Going down the data below, set down exactly the line with "OKAKIE cream knit" and each line after it through the line with "A girl wearing"; no other lines.

Extracted data:
-*-

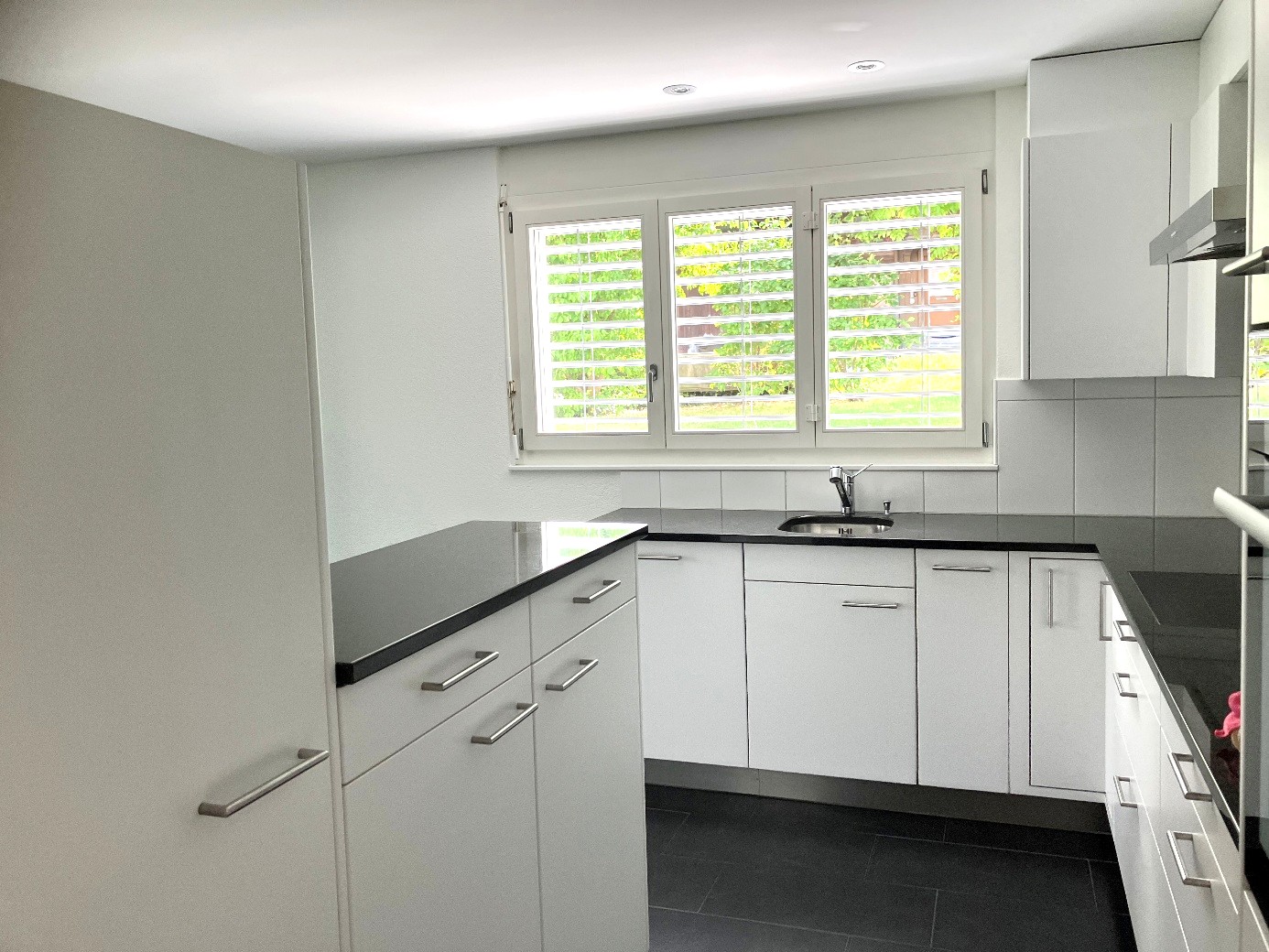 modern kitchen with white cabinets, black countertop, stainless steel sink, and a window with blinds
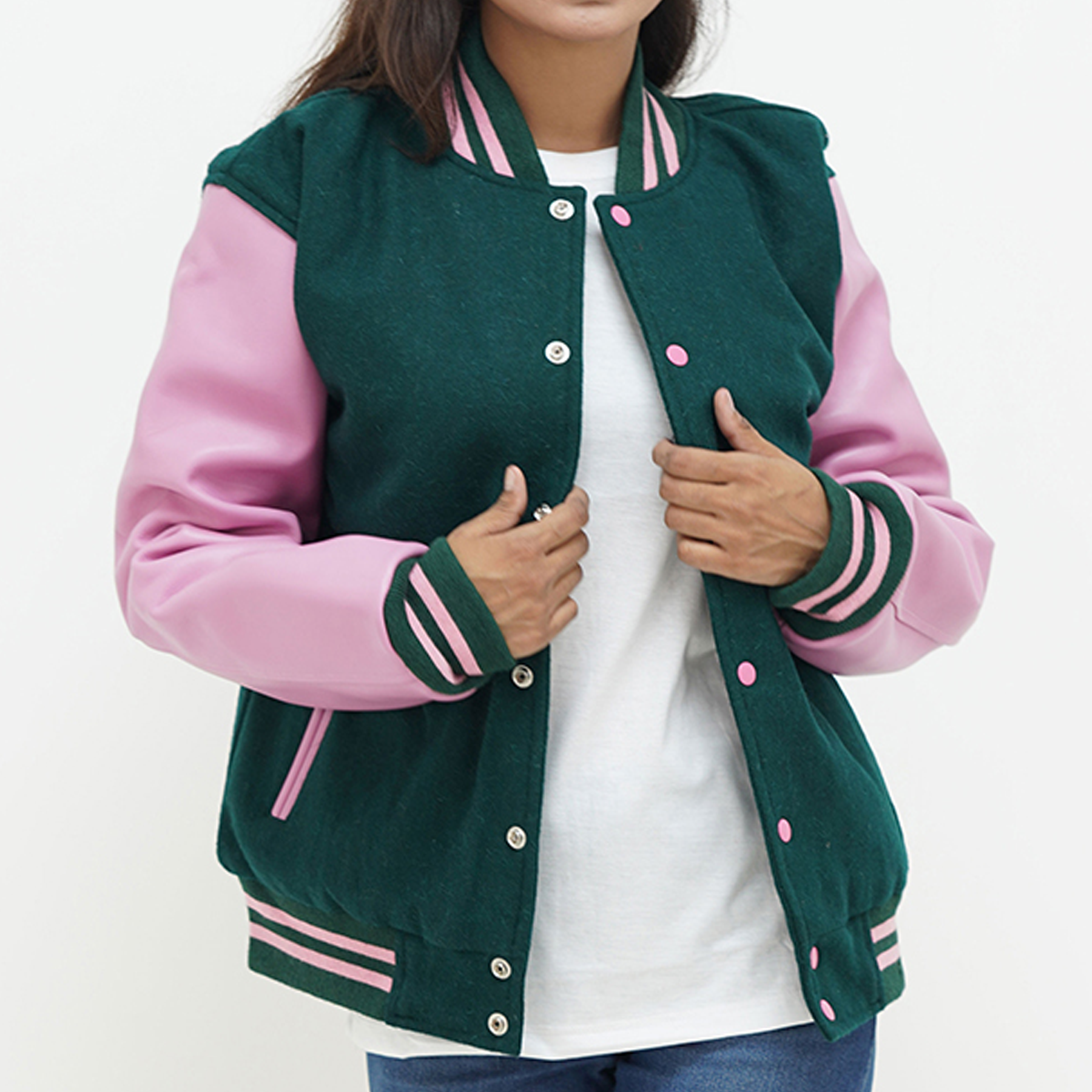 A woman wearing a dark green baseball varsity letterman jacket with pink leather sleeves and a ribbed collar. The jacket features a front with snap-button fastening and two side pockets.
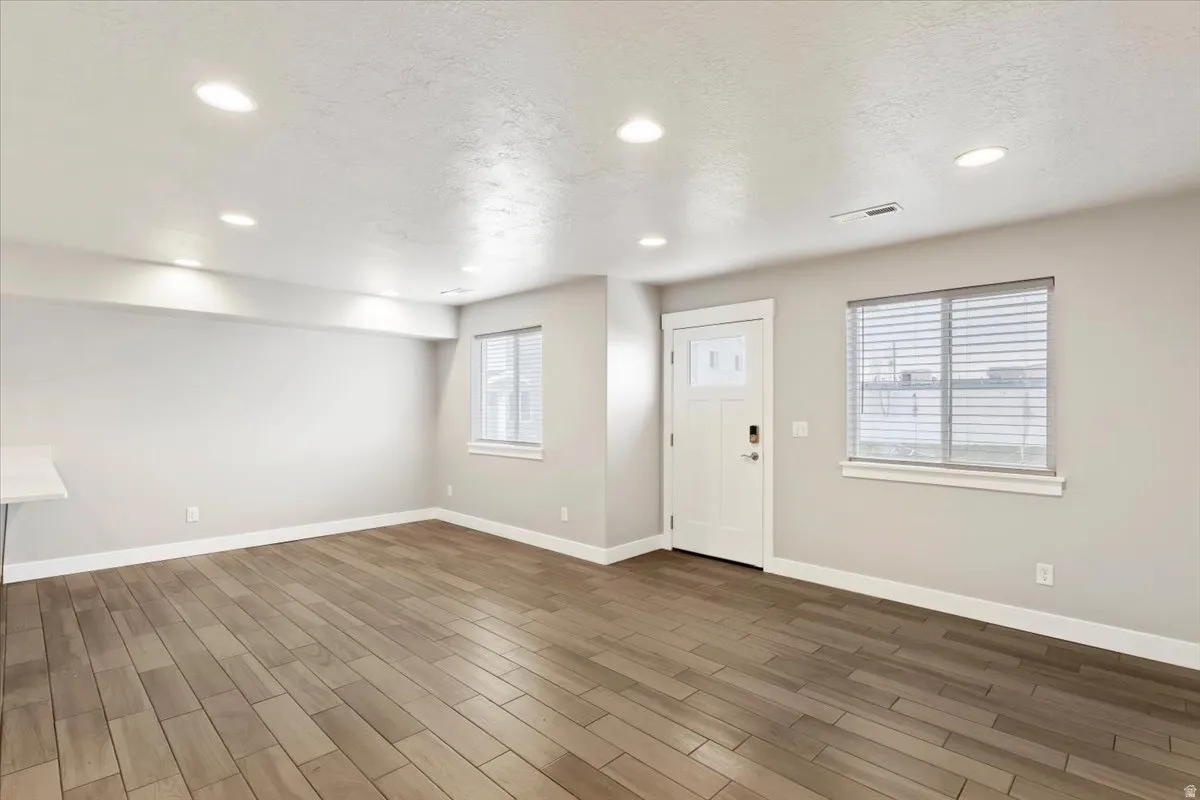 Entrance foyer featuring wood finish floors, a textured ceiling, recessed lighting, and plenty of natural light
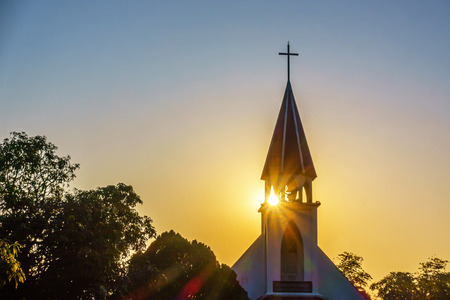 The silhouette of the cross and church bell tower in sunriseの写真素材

-*-

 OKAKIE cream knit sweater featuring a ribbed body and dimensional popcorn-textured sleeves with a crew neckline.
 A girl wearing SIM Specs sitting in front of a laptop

-*-

Output of the exercise:
 OKAKIE cream knit sweater featuring a ribbed body and dimensional popcorn-textured sleeves with a crew neckline.
 A girl wearing SIM Specs sitting in front of a laptop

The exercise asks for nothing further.